The first two may be produced from the conversion of drug solutions or (e.g. prednisolone solution in propylene glycol) or drug suspensions (e.g. gemfibrozil suspension in Polysorbate 80), and the latter from the formulation of liquid drugs (e.g. clofibrate, valproic acid, liquid vitamins, etc.), into liquisolid systems.

b. Based on the formulation technique used, liquisolid systems may be classified into two categories, namely,

1) Liquisolid compacts

2) Liquisolid microsystems

Liquisolid compacts are prepared using the previously outlined method to produce tablets or capsules, whereas the liquisolid microsystems are based on a new concept which to produce an acceptably flowing admixture for encapsulations.¹⁴

ADVANTAGES OF LIQUISOLID SYSTEMS

• Number of water-insoluble solid drugs can be formulated into liquisolid systems.

• Can be applied to formulate liquid medications such as oily liquid drugs.

• Better availability of an orally administered water insoluble drug.

• Lower production cost than that of soft gelatin capsules

• Production of liquisolid systems is similar to that of conventional tablets.

• Can be used for formulation of liquid oily drugs

• Exhibits enhanced in-vitro and in-vivo drug release as compared to commercial counterparts, including soft gelatin capsule preparations.

• Can be used in controlled drug delivery.

• Drug release can be modified using suitable formulation ingredients

• Drug can be molecularly dispersed in the formulation.

• Capability of industrial production is also possible.

• Enhanced bioavailability can be obtained as compared to conventional tablets.^15-18

LIMITATIONS:

• Low drug loading capacities.

• Requirement of high solubility of drug in non-volatile liquid vehicles.^18-19

APPLICATIONS:

• Rapid release rates are obtained in liquisolid formulations

• These can be efficiently used for water insoluble solid drugs or liquid lipophilic drugs.

• Sustained release of drugs which are water soluble drugs such as propranolol hydrochloride has been obtained by the use of this technique.

• Solubility and dissolution enhancement.

• Designing of controlled release tablets.

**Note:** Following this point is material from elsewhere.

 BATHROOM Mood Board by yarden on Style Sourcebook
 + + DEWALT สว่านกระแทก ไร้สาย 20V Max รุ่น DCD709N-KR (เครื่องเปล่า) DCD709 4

• Application in probiotics.^20-21

THEORY OF SOLUBILITY ENHANCEMENT:

The mechanisms by which the liquisolid compacts show increased solubility and hence bioavailability include; an increased surface area of drug available for release, an increased aqueous solubility of the drug, and an improved wettability of the drug particles.²² When the drug is dissolved or dispersed in a liquid vehicle it is located in the powder substrate still in a solubilized, molecularly dispersed state. Therefore, the surface area of drug available for release is much greater than that of drug particles within directly compressed tablets. The drug dissolved in the liquid vehicle is incorporated into a carrier material which has a porous surface. The liquid initially absorbed in the interior of the particles and is captured by its internal structure, and after the saturation of this process, adsorption of the liquid onto the internal and external surfaces of the porous carrier particles occur. Both absorption and adsorption take place.²³ Here at the solid/liquid interface between an individual liquisolid primary particle and the release medium, it is possible that, in this microenvironment the amount of liquid vehicle diffusing out of a single liquisolid particle together with the drug molecules increases the aqueous solubility of the drug.²⁴

The liquid vehicle (Nonvolatile solvent) present in the liquisolid system can either act as surface active agent or has a low surface tension. Thus improves wetting of drug particles by decreasing interfacial tension between dissolution medium and tablet surface.²⁵With the liquisolid technology, a liquid may be transformed into a free flowing, readily compressible and apparently dry powder by simple physical blending with selected excipients named the carrier and coating material. The liquid portion, which can be a liquid drug, a drug suspension or a drug solution in suitable non-volatile liquid vehicles, is incorporated into the porous carrier material Fig. 2.²⁶

Figure 2: Schematic representation of liquisolid systems

Mathematical model of Liquid solid Systems:

The mathematical model given by Spireas et Al is used as formulation design model for the liquisolid tablets. This approach is based on the flowable (Ф-value) and compressible (Ψ-number) liquid retention potential introducing constants for each powder/liquid combination.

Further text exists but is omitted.